Deploy as a DaemonSet so every pod in your cluster can send traces to the local Collector agent.

💡 Pro Tip
Start by instrumenting just your critical path services (API gateway, auth, payment) and validate trace propagation before rolling out to your entire fleet. A phased approach reduces risk and helps your team learn the OpenTelemetry APIs gradually.

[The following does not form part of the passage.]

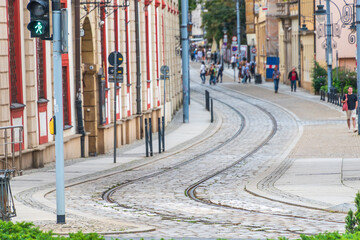 European cobbled street with tram tracks and pedestrian crossing signal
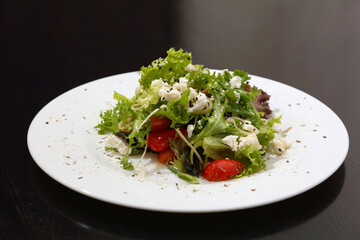 Salad with feta cheese. Salad with cheese, tomatoes and herbs.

8. Integrating with Grafana for Unified Observability

To get a unified view of metrics, logs, and traces in one dashboard, configure Grafana with Tempo as the trace datasource:

Install Tempo: docker run -p 3200:3200 grafana/tempo:latest
Configure the OTel Collector to export traces to Tempo instead of Jaeger
In Grafana, add a Tempo datasource pointing to http://tempo:3200
Use Grafana Explore to search traces by service name, duration, or tags
Link trace spans directly from your Grafana dashboards for seamless drills

This integration enables the “Golden Signals” approach—metrics alert you to a problem, logs provide context, and traces pinpoint the root cause.

Conclusion

Distributed tracing with OpenTelemetry transforms how you debug and optimize microservices architectures. By instrumenting your services with just a few lines of code, you gain end-to-end visibility into every request’s journey across your entire system.

In this tutorial, you:

Deployed Jaeger and the OpenTelemetry Collector as your tracing backend
Instrumented Python (Flask) and Node.js (Express) services with automatic and manual instrumentation
Verified end-to-end trace propagation with context headers
Applied production-grade sampling, error tracking, and storage strategies

The next step is to extend this setup to all your services, configure tail-based sampling, and integrate tracing into your existing Grafana dashboards. With OpenTelemetry’s growing ecosystem, you can also add support for gRPC, GraphQL, databases, and message queues—all with the same consistent API.

🏫 Next Steps
Explore the OpenTelemetry documentation for additional SDKs (Java, Go, .NET), advanced sampling configurations, and integration with your existing monitoring stack.